A new or renewed repository must be initialized, using the initialize() method of the repository object.

Connecting to a repository

The goal of all this object-building has been to create a client-side connection object, whose methods let us manipulate the triples of the repository. The repository object’s getConnection() method returns this connection object.

conn = my_repository.getConnection()
print('Repository %s is up!' % my_repository.getDatabaseName())
print('It contains %d statement(s).' % conn.size())

The size() method of the connection object returns how many triples are present. In the example1() function, this number will always be zero because we “renewed” the repository.

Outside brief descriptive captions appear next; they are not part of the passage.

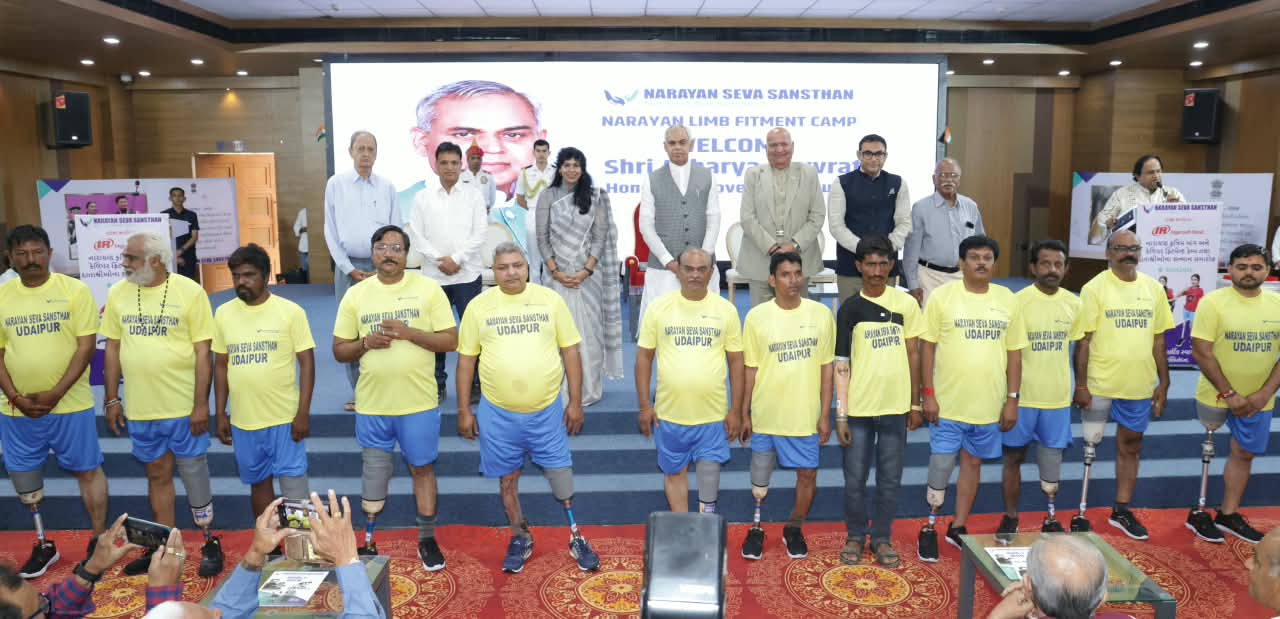 CSR: Narayan Seva Provides Artificial Limbs and Calipers to 335 Divyangjans in Ahmedabad 1 India CSR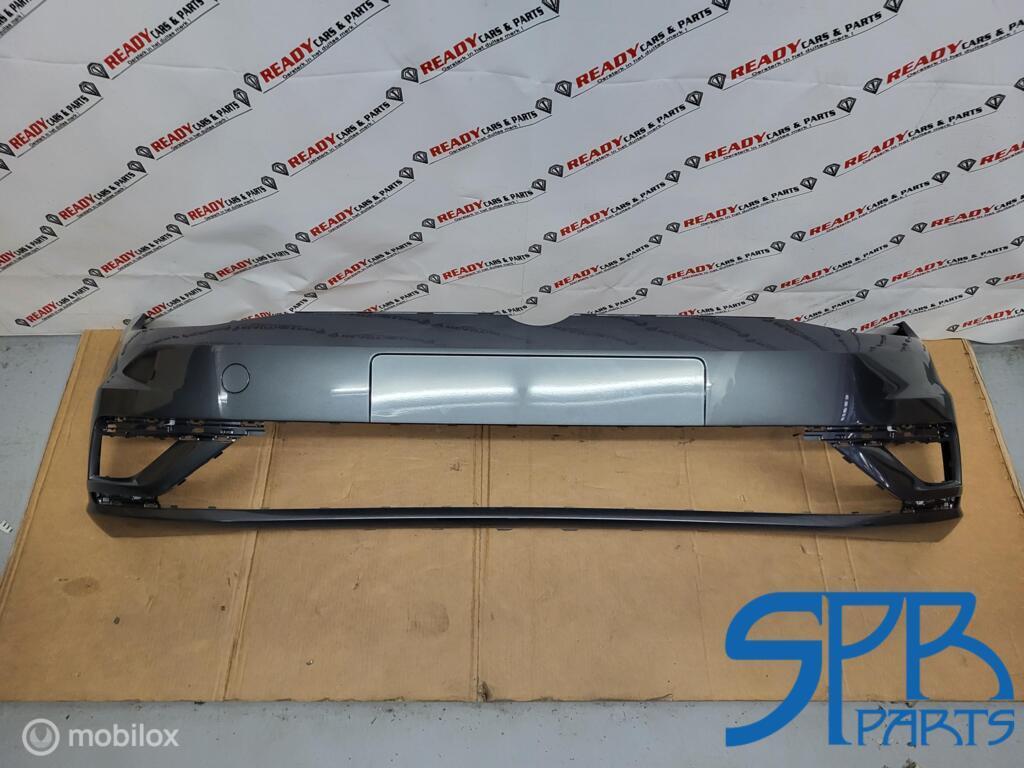 Voorbumper GOLF 7 FACELIFT 7.5 LR7H INDIUM GREY 5G0807221FL, Nieuw, Ophalen of Verzenden, Bumper, Volkswagen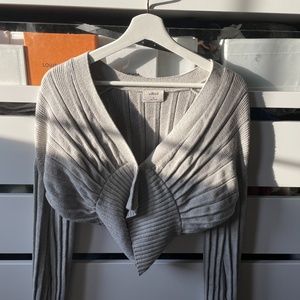 Aritzia: Knit button-up cardigan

This is the output so far:

Repository pythontutorial is up!
It contains 0 statement(s).

Managing indices

Whenever you create a new repository, you should stop to consider which kinds of triple indices you will need. This is an important efficiency decision. AllegroGraph uses a set of sorted indices to quickly identify a contiguous range of triples that are likely to match a specific query pattern.

These indices are identified by names that describe their organization. The default set of indices are called spogi, posgi, ospgi, gspoi, gposi, gospi, and i , where:

  • S stands for the subject URI.
  • P stands for the predicate URI.
  • O stands for the object URI or literal.
  • G stands for the graph URI.
  • I stands for the triple identifier (its unique id number within the triple store).

The order of the letters denotes how the index has been organized. For instance, the spogi index contains all of the triples in the store, sorted first by subject, then by predicate, then by object, and finally by graph. The triple id number is present as a fifth column in the index. If you know the URI of a desired resource (the subject value of the query pattern), then the spogi index lets you quickly locate and retrieve all triples with that subject.

The idea is to provide your respository with the indices that your queries will need, and to avoid maintaining indices that you will never need.

We can use the connection object’s listValidIndices() method to examine the list of all possible AllegroGraph triple indices:

indices = conn.listValidIndices()
group_size = 5
print('All valid triple indices:')
for offset in range(0, len(indices), group_size):
    group = indices[offset:offset + group_size]
    print('  ', ' '.join(group))

This is the list of all possible valid indices:

All valid triple indices:
   spogi spgoi sopgi sogpi sgpoi
   sgopi psogi psgoi posgi pogsi
   pgsoi pgosi ospgi osgpi opsgi
   opgsi ogspi ogpsi gspoi gsopi
   gpsoi gposi gospi gopsi i

AllegroGraph can generate any of these indices if you need them, but it creates only seven indices by default. We can see the current indices by using the connection object’s listIndices() method:

indices = conn.listIndices()
print('Current triple indices:', ', '.join(indices))

There are currently seven indices

Current triple indices: i, gospi, gposi, gspoi, ospgi, posgi, spogi

The indices that begin with “g” are sorted primarily by subgraph (or “context”). If your application does not use subgraphs, you should consider removing these indices from the repository. You don’t want to build and maintain triple indices that your application will never use. This wastes CPU time and disk space. The connection object has a convenient dropIndex() method:

print("Removing graph indices...")
conn.dropIndex("gospi")
conn.dropIndex("gposi")
conn.dropIndex("gspoi")
indices = conn.listIndices()
print('Current triple indices:', ', '.join(indices))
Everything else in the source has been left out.